MOST OF THE ESSAYS in James Wood's new collection The Fun Stuff are examples of a certain kind of literary criticism—the Wood style is playful, rude, unaccountably subtle, and brilliant. A title essay about Keith Moon, the manic, novelty-obsessed drummer of the Who, then, seems a bit from left field. But in the combine of Wood's criticism, Moon is threshed up with the whole of literature. Wood focuses on Moon's "addiction" to fun, but everything in Wood's essays is grounded in—and ground into—the rest of his knowledge. Thus in praising Moon's style of drumming—of playing fills over and through the time a drummer is meant to keep—Wood borrows a word from poetry and calls him "the drummer of enjambment," for the way Moon seemingly ignores the boundaries of musical measures.

In the same essay, Wood disparages Supertramp and the Eagles, implying that "elves are apparently squeezing the singers' testicles." It's this willingness to be funny, base, and downright rude that makes Wood an appealing postmodern critic. The same critic who can write incisive literary portraiture about literary portraitist Edmund Wilson, or an unexpectedly necessary defense of Tolstoy against Tolstoy's supporters, or a stunned close reading of László Krasznahorkai's insane prose, always delivering history and criticism within the same honest package, can write a cruel parody of Paul Auster, nearly a page long, as the introduction to an essay unironically titled "Paul Auster's Shallowness." (He has the righteous audacity to refer to this parody as "unfair, but diligently so.")

Wood is funny when he hates something (Auster's "accidents attack the narrative like automobiles falling from the sky") and honest when he loves it (frequently praise is handed out in the first person "I admire..."), but he is a careful and showy stylist always. His description of Richard Yates' lifestyle is too clever to be poignant: "Around the compulsion of writing he shaped everything else. There were two other compulsions, smoking and drinking, but they only killed him, while writing plainly kept him alive."

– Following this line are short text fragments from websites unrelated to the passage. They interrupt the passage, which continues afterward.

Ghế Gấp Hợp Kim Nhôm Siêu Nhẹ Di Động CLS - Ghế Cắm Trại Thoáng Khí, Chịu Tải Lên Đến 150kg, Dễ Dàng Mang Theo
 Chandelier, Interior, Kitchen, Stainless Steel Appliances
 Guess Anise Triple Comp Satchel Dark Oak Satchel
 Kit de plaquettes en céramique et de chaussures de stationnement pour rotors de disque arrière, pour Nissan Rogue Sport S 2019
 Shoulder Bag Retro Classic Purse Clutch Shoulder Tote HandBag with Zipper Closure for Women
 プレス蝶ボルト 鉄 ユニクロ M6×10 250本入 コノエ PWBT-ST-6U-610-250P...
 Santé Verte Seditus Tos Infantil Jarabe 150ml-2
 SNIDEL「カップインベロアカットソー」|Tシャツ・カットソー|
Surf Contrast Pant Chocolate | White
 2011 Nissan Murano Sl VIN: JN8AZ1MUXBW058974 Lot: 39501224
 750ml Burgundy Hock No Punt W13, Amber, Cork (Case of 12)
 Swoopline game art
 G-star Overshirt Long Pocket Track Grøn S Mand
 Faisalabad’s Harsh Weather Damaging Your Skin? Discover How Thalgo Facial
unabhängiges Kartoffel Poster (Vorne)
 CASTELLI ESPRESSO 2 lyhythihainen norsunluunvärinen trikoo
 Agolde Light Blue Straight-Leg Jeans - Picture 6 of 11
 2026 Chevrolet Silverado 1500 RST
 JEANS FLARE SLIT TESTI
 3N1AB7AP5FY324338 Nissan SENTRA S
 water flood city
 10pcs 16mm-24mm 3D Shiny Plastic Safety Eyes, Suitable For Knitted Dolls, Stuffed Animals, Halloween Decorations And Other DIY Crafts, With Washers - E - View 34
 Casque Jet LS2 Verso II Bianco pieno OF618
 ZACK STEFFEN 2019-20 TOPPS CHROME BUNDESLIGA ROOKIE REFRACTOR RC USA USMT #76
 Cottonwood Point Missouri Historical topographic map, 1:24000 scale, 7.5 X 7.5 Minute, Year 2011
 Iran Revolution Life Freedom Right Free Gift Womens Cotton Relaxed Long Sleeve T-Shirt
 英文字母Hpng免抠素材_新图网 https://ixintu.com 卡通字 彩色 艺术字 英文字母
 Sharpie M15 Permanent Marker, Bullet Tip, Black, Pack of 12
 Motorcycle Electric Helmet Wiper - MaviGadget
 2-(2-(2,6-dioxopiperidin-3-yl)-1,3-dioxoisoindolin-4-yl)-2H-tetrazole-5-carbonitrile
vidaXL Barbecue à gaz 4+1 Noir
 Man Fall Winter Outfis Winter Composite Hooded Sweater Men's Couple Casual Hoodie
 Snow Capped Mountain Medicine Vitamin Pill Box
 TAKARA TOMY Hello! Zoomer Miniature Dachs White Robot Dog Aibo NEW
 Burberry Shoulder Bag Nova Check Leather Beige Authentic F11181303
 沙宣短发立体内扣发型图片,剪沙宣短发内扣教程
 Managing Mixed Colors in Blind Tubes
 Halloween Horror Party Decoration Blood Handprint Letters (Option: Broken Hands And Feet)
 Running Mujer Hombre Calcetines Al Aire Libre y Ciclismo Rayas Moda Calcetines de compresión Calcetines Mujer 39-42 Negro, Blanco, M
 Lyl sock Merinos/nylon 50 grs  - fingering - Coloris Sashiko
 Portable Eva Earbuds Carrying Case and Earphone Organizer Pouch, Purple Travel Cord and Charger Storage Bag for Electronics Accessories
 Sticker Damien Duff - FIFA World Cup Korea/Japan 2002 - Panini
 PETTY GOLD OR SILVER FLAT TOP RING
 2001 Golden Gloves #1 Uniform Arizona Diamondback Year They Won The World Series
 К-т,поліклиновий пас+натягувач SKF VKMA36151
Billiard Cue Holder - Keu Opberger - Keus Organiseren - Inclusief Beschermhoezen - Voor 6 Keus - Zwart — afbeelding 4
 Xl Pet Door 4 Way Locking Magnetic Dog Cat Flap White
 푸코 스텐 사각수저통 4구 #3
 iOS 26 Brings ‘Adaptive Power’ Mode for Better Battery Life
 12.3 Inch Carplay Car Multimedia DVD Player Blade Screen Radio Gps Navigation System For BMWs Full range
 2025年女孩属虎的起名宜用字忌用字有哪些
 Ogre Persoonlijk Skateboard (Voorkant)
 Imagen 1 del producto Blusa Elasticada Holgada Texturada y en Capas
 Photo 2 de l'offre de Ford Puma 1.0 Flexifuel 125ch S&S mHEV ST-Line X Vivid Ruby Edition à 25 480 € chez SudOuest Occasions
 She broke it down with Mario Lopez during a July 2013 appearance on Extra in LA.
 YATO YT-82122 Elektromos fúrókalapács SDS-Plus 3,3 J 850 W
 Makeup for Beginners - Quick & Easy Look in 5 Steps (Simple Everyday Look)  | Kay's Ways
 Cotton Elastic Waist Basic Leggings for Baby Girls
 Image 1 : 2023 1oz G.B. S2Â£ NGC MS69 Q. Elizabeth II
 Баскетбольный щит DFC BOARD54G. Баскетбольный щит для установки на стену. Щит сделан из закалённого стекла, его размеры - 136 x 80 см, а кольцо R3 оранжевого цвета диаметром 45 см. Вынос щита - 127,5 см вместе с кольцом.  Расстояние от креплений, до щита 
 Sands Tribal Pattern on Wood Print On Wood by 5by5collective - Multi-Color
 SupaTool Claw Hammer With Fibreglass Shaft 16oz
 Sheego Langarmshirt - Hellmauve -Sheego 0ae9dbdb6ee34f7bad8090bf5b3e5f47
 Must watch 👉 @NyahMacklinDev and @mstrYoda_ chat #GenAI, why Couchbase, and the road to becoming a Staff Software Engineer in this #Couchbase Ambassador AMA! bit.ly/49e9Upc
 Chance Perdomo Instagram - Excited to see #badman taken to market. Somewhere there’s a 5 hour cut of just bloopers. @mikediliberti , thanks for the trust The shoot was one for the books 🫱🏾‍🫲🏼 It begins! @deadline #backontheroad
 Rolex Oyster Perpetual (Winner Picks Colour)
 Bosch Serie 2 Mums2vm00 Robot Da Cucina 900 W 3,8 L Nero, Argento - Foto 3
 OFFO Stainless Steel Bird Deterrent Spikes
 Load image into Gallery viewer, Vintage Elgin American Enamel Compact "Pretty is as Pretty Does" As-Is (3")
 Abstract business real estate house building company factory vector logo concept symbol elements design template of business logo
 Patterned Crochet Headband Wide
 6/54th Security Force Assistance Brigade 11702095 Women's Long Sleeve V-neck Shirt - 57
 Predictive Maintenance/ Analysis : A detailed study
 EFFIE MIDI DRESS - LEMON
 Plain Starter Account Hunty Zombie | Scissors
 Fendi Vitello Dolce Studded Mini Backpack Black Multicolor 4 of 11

The collection is caught between two cornerstone personal essays, conveniently placed at the beginning and end. "The Fun Stuff" is one, and "Packing up My Father-in-Law's Library" is the other. If Wood is the Keith Moon of literary criticism, obsessively playful, addicted to fun, then he is also his father-in-law, a collector of books, devourer of knowledge, and uncomfortably proud of the anonymous ruins ("broken columns") of the read and unread books in his library. At the end of that essay, after Wood has sworn off collecting books, a page of handwritten notes falls from one of his father-in-law's books. Wood offers no commentary on it, but it is a reminder that ruins are also rubbish, byproducts of life—and among those broken columns are played games of brilliant, silly fun.